Sucharita Sen

Sucharita is exploring the non-official interpersonal relationships between the expatriate Britons and their Indian employees in Britain's Indian Empire.

 profile-picture photograph

PhD Graduate in History
School of History, Philosophy, Political Science and International Relations

Qualifications

PhD in History, Te Herenga Waka—Victoria University of Wellington, 2022

M.A. [Gold Medallist] in Political Science, Presidency University, Kolkata, 2017

B.A [Honours with Rank] in Political Science, University of Calcutta, 2015

Profile

Sucharita is a doctoral graduate working on the politics of everyday lives in nineteenth and twentieth century colonial India. She completed her undergraduate and postgraduate degrees in Kolkata, India. Drawing upon Foucauldian bio-politics and the theoretical intervention of social structuration, Sucharita’s M.A. thesis explored the patterns of matrimonial advertisements, stereotypical gendered roles, rituals and negotiations in arranged and love-marriages. All the defining moments of marriage, the study argued, smacked of the patriarchal biases which remain anchored in middle-class, upper-caste Hindu Bengali society of urban Kolkata.

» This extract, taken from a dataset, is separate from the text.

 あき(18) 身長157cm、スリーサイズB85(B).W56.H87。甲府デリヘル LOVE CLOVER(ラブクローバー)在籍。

Sucharita nurtures a long-standing fascination for the various theoretical debates and research methods in the humanities and social sciences, social anthropology, histories and politics beyond their conventional epicentres, and gender studies. She moved to Wellington in 2018 to pursue her PhD. Her current thesis explores the non-official interpersonal relationships between the expatriate Britons and their Indian employees in Britain’s Indian Empire. Based on postcolonial critiques of Orientalism and the theoretical underpinnings of affect, the thesis reverses the concept of racial and gendered subalternity, reconfigures social relations of labour, and complicates existing understanding of race-relations. This study is one of the first attempts to foreground a parallel discourse of social exchange where hierarchies and intimacies co-existed in a paradoxical companionship. This new framework, she hopes, will be extended to other parts of the Empire to unravel the myriad faces of colonialism.

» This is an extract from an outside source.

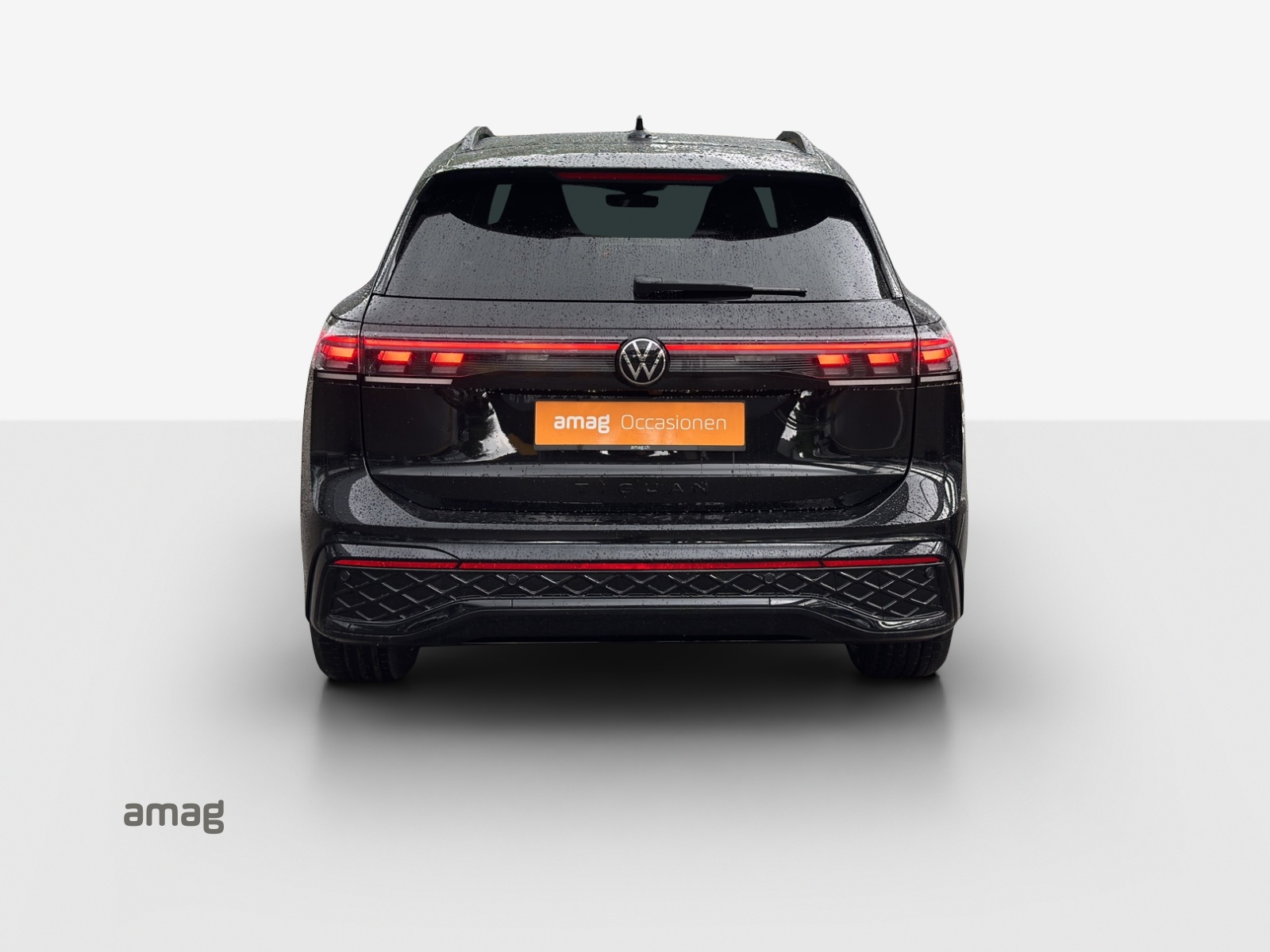 VW Tiguan 2.0 TSI DSG R-Line 4Motion-image-3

Her select awards include the Walter Arnstein Prize for the Best Graduate Paper at the Annual Midwest Conference on British Studies (2021), the Prize for the Best Postgraduate Paper at the Biennial Conference of the New Zealand Historical Association (2021), and a Certificate of Excellence from Oxford University Press (2022).

Supervisors

Emeritus Professor
School of History, Philosophy, Political Science and International Relations

Professor

School of History, Philosophy, Political Science and International Relations

Publications

Journal Articles

'The Anglo-Indian Household: Paradoxes of Hierarchy and Intimacy in Imperial Domestic Space’, South Asia: Journal of South Asian Studies, Vol. 45, No. 5 (October 2022) [forthcoming].

‘The Melody of Universalism: Political Thought in Rabindra Sangeet’, Society and Culture in South Asia, Online First, 13 May 2022, pp. 1-24.

‘The Uneasy Gaze: Appearing for Interviews to get Married – An Empirical Investigation into the Pre-marital Arranged Marriage Negotiations in Urban Kolkata’, Rupkatha Journal on Interdisciplinary Studies in Humanities, Vol. 13, No. 2 (April-June 2021), pp. 1-11.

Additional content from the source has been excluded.